The proposed development was met with enthusiasm by the community board. The complex will include 1.5 million square feet of retail, 2 million square feet of office space, a hotel, a conference center, restaurants, a movie theater, and up to 2,000 apartment units, including a percentage reserved for affordable housing. While the development could take up to a decade to finish completely, developers hope to open at least 250,000 square feet of retail, a dining area, the hotel, a nine-story office building, and the conference center by the end of the year.

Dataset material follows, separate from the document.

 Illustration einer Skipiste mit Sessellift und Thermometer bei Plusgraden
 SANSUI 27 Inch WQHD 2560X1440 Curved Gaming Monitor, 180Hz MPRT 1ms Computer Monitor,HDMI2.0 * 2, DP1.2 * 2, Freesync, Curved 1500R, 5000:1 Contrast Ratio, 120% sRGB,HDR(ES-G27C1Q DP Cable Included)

It has taken almost 10 years to prepare the site, which was once home to paint manufacturer National Lead, which long ago abandoned its offices to blight the waterfront. The lengthy cleanup involved the removal of almost 360,000 cubic yards of soil, contaminated by the lead products of the National Lead company. The city had been undertaking the yet-uncompleted project for years before developers stepped in to help finish the job.
An open lawsuit filed by Raritan Baykeeper and Edison Wetlands against National Lead Industries has for a long time stalled the completion of the project, which includes plans for a Marina. While Sayreville Mayor expressed frustration over the delays, the complainants in the suit fear that the development of a marina could push lead-contaminated sediment into the Raritan River. The consequences would be horrible for the environment, both wildlife and residents of Sayreville. Although the Mayor seems to see their work as an obstruction of a development that would add clout to his legacy, ultimately the complainants goals are the same as the developers: a safe environment for all who are to enjoy this once-desolate site.
In over-developed New York, developers are often the demons of a city already crushed under the weight of the wealthy. But the achievement in Sayreville shows what good developers can do in the right location. The lively new development will hopefully revitalize an area that has long-languished.